Schneiderman cites a letter from a law firm representing Wells Fargo that claims the bank is suspending “all Home Preservation reviews and decisions” and that it will not respond to requests for mortgage relief until it receives further information from FEMA.
“I am certain that you are aware that under the National Mortgage Settlement, as well as under pre-existing NY State law, Wells Fargo is required to adhere to strict timelines when evaluating a homeowner’s request for a loan modification,” writes the AG. “Specifically, Wells Fargo is required to make a decision about a homeowner’s loan modification request within 30 days of receiving a completed application package. Wells Fargo’s decision to delay review will likely result in multiple violations of the National Mortgage Settlement.
“Please be advised that Wells Fargo is not excused from any of its obligations under the National Mortgage Settlement or under New York law as a result of Hurricane Sandy, and that my office will aggressively pursue any loan servicing company that uses this tragic event as an excuse to violate loss mitigation decision timelines.”

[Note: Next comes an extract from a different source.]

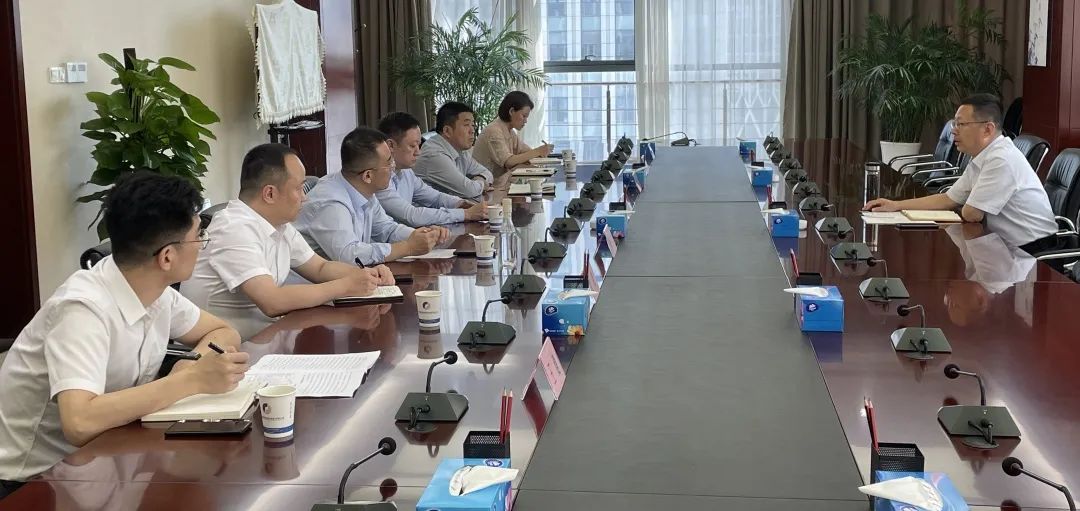 公司黨委書記、董事長杜巖岫帶隊赴合肥考察學(xué)習(xí)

In response to the letter, Wells Fargo issued the following statement to Consumerist, claiming that the halt in modification rulings is being done in the interest of customers and pointing out the the bank has also temporarily stopped foreclosures in affected areas:
Every effort we’ve taken in the wake of the devastation of Sandy has been with the best interests of our customers in mind. We know our customers are reeling from this tragedy and we’re working with them at every turn to provide them with options that will help them.

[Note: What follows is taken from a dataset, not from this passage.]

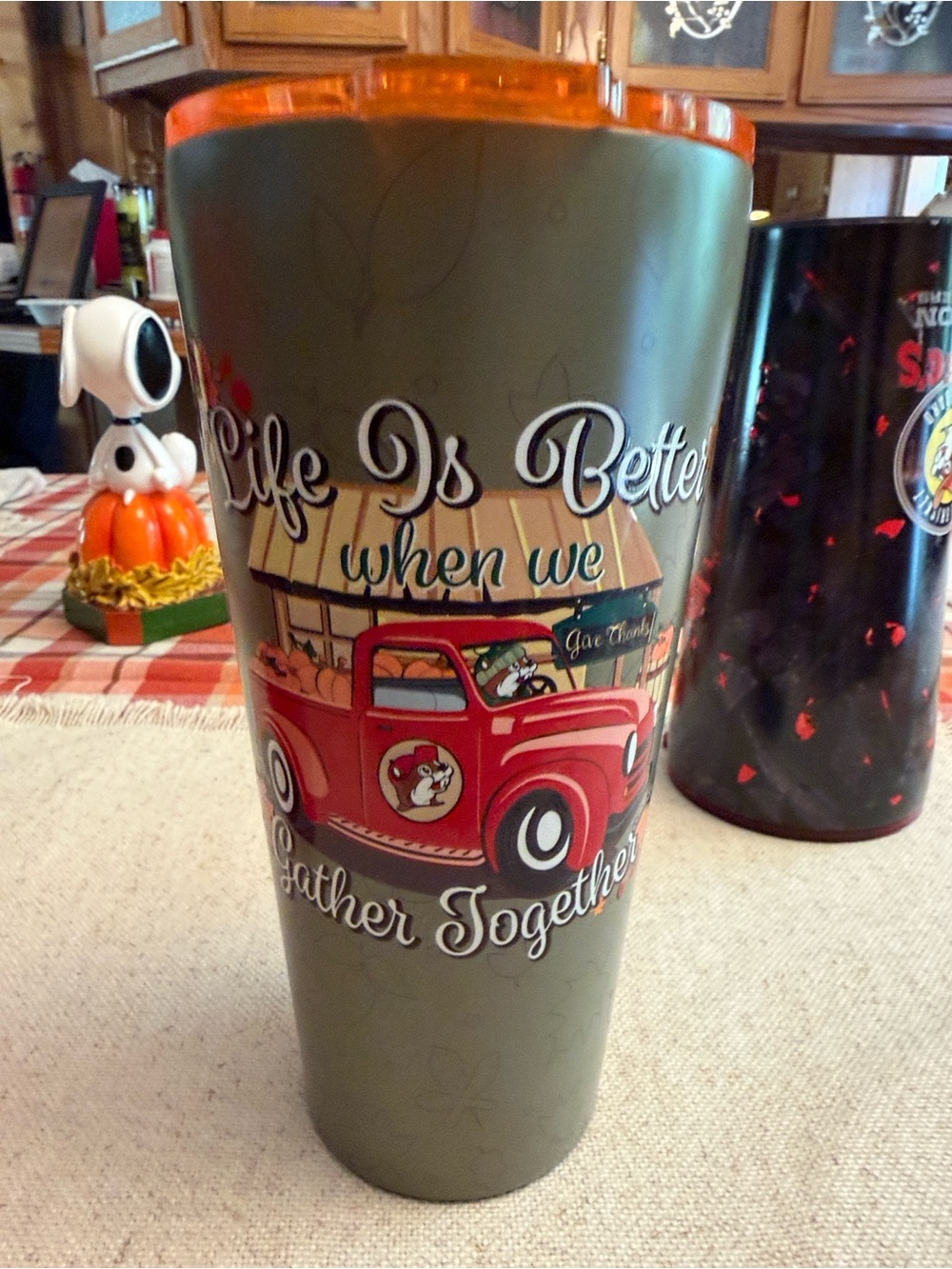 Buc-ee’s Holiday themed Tumblers 3 Pack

It is extremely unfortunate that Wells Fargo’s actions would be interpreted in any way other than our sincere interest and concern for customers impacted by the storm and our effort to be certain that they get the full relief available to them.
Wells Fargo chose to initiate contact with customers in advance of completing modification decisions in markets impacted by Sandy to be certain we fully understood the customer’s needs and were offering the best available assistance.
Just as we paused modification decisions, Wells Fargo began suspending all foreclosure sales in FEMA declared disaster areas immediately after Sandy made landfall, over two weeks ago. We also stopped new foreclosure referrals and suspended evictions immediately. These suspensions and any foreclosure activity will last a minimum of 90 days for the loans Wells Fargo owns which the company also services. And, we’ll review our policy again in January of 2013.
Loans serviced for others including FNMA/FRE and GNMA will follow specific investor guidelines.
We are actively working to do what’s right for every customer. We want our customers to talk with us, call us and help us learn their circumstances so that we can work with them to reach the best options.
The bank tells Reuters that it has scheduled a meeting with Schneiderman’s office for this week.